There is no consensus best lightweight of all-time, but of those on the shortlist, Alvarez’s longevity exceeds all of them.

BJ Penn began defeating the best lightweights in the world within the first few months of his career in 2001, and he was considered the best in the division as late as 2010. However, of that nine-year span, he only actively competed at lightweight for about five-and-a-half years.

Takanori Gomi’s run at or near the top of the division lasted seven years, from 2001 to 2008. After that, he never defeated a top lightweight again.

Frankie Edgar’s run lasted three or four years. He could have remained near the top longer, but he opted to chase more immediate title hopes in the featherweight division.

In his eighth year fighting elite lightweights, Alvarez captured the UFC title. He was not able to successfully defend it, which illustrates the only thing keeping him from gaining significant support as the best lightweight of all time. Although Alvarez won the Bellator title on two occasions and the UFC title on one, he never had a run in which he firmly established himself as the single best fighter in the division.

During his two-year run as Bellator champion, he was typically ranked as one of the top three or five fighters in the division. As UFC champion, he took the top spot by nature of beating the previous top guy, but there was little separation between him and the next five or six lightweights in the rankings. He would only hold that top spot for four months.

Considering Alvarez’s age (at 33, he is the second-oldest fighter in the UFC’s lightweight rankings) and the crowd at the top of the lightweight division, it’s unlikely Alvarez will regain the title and have a significant run on top. However, in beating Gaethje he showed that he can still add top names to his resume.

Henry Cejudo is not ready for a rematch with Demetrious Johnson, and that’s fine.

I expected to see more from Henry Cejudo than the easy, controlling performance we saw from him on Saturday. Cejudo looked excellent in his last bout, in which he took Wilson Reis apart and stopped him early in the second round. Before that, Cejudo had a strong performance against Joseph Benavidez that showed he could hang with the very best in the division.

Before that fight with Benavidez, Cejudo got a crack at flyweight champion Demetrious Johnson. The opportunity came too soon, just three years into his career. Johnson demolished him, finishing the fight with strikes minutes into the first round.

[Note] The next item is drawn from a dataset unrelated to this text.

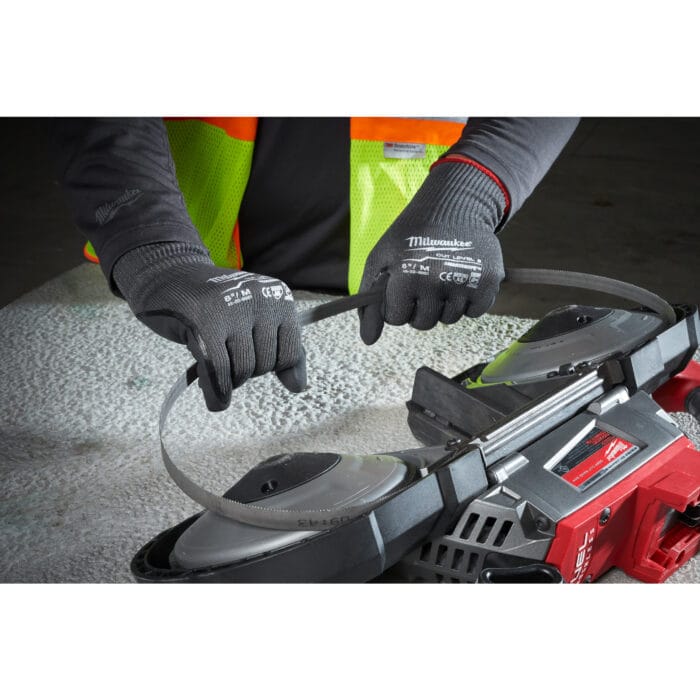 Milwaukee cut-resistant gloves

Despite the loss, Cejudo still had the background (an Olympic gold medal in wrestling and good boxing) to perhaps eventually give Johnson a real challenge.

Saturday night against Pettis, Cejudo showed only the skills we knew he had. He took Pettis down with ease and controlled him. He landed some punches on the feet. Perhaps he did just what he needed to do to win the fight, since Pettis didn’t present any need for him to do anything else. Regardless, Cejudo showed no evolution to his game, nor any indication that he could threaten Johnson. But that’s okay.

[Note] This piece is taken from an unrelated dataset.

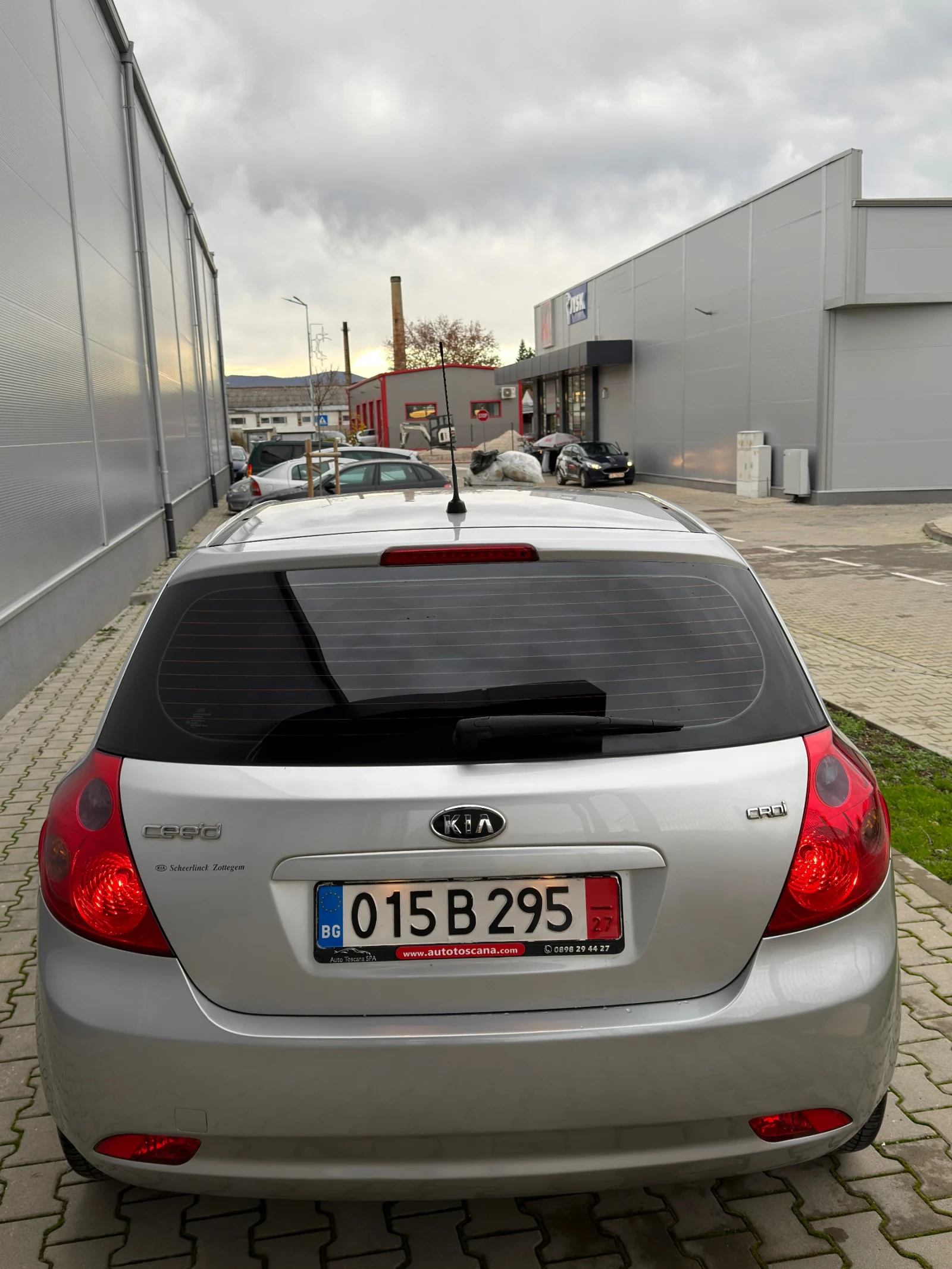 Kia Ceed 1.6 CRDI 90кс ТОП/БАРТЕР - изображение 5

Cejudo isn’t racing against father time. He’s 30 years old compared to Johnson’s 31. If he’s developed more skills that he didn’t want to and didn’t need to show against Pettis, that’s fine. It was not a performance that will allow him to leapfrog over TJ Dillashaw for a shot at Demetrious Johnson, so he can continue to develop his tools until he’s better equipped to face Johnson again.

It’s fine to accept a title shot too soon the first time, but if you take the shot too soon a second time, there may not be a third opportunity.